How to structure and present CSRD disclosures

As companies prepare their first Corporate Sustainability Reporting Directive (CSRD)-aligned sustainability statements and disclosures, or refine their Wave 1 reports, many are finding that meeting disclosure requirements is only part of the challenge.
CSRD introduces new expectations for sustainability disclosures, but it also raises a practical question: how do you organise, draft and present this information so it is clear, navigable and genuinely useful for the people reading it?
These questions were explored in a recent Flag webinar, with guest speaker Monica Keaney, ESG Reporting and Communications Manager at Carlsberg Group, drawing on practical experience from Carlsberg Group’s first two CSRD‑compliant reports.
In practice, strong CSRD sustainability statements balance regulatory compliance with clarity for investors and other decision‑makers.
Watch the webinar recording
Why structure and presentation matter in CSRD sustainability statements
CSRD sustainability statements are intended to support better decision-making by investors, regulators, leadership teams and, increasingly, AI tools used to interrogate reports. But as early filings are showing, compliance alone doesn’t guarantee that a report is understandable, navigable or useful.
Many CSRD reports include robust content but are difficult to use in practice because information is hard to find, links between disclosures are unclear or the narrative feels fragmented. Structure, hierarchy and presentation help bridge that gap, making it easier for readers to understand what matters, why it matters and how the organisation is responding.
Defining the role of your CSRD sustainability statement
Decisions about structure can’t be made without considering the purpose of your report. Before drafting begins, organisations need to be clear about what role their CSRD sustainability statement is expected to play beyond compliance.
For some, it will become the primary sustainability communication for a wide range of stakeholders.
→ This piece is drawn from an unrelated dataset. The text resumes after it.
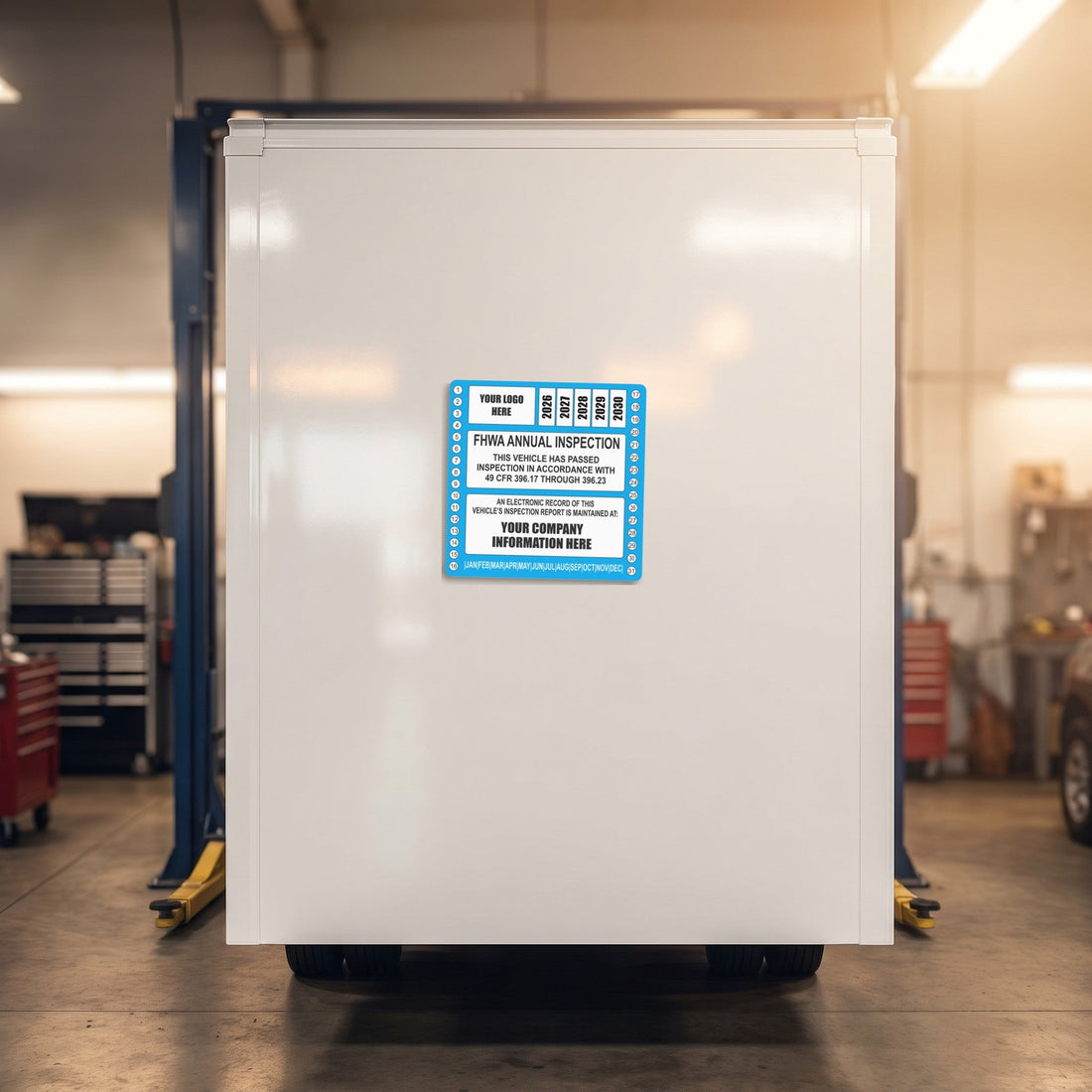FHWA style annual inspection decal mounted on a fleet box truck door showing the 12-month validity window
For others, it will act as a technical, assured backbone that sits alongside more narrative‑led channels such as websites, summaries or voluntary story-led reports.
This choice affects tone, depth, design and how much narrative context needs to be built into the report. There isn’t a single “right” approach, but being clear about purpose and intended audience early on helps avoid fragmented storytelling and rework later in the process.
Effective CSRD reports are decision‑useful, not just compliant
When people talk about CSRD reporting, they often focus on volume and complexity. But where sustainability statements are intended to serve investors and other key stakeholders, not just regulators, compliance alone isn’t enough.
The strongest reports emerging from early filers support decision-making. They explain how the business creates value and where it has impact. They clearly set out the business model, value chain, and material impacts, risks and opportunities (IROs). And crucially, they are easy to navigate and read.
A sustainability statement can be detailed without being hard to use – but only when structure, hierarchy and signposting are treated as core considerations, not an afterthought.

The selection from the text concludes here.